*EXERCISE*
Pictures aside, every line of the listing should be given again exactly.

*DATA BLOCK*

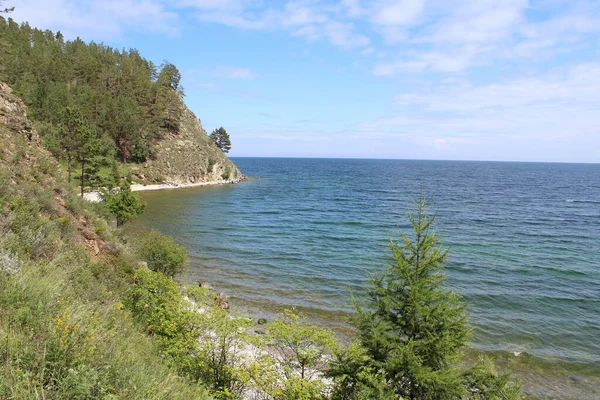 Rusya 'daki Baykal Gölü' nün taştan kumlu kıyıları yazın kozalaklı ormanlarla çevrilidir.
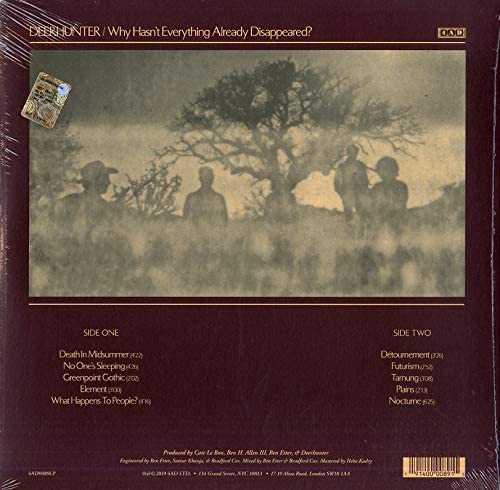 Why Hasn't Everything Already Disappeared? [Vinyl]
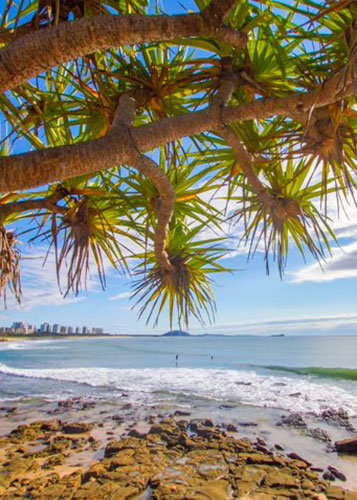 Maroochydore Beachfront Apartments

*FINISHED TASK*
 Rusya 'daki Baykal Gölü' nün taştan kumlu kıyıları yazın kozalaklı ormanlarla çevrilidir.
 Why Hasn't Everything Already Disappeared? [Vinyl]
 Maroochydore Beachfront Apartments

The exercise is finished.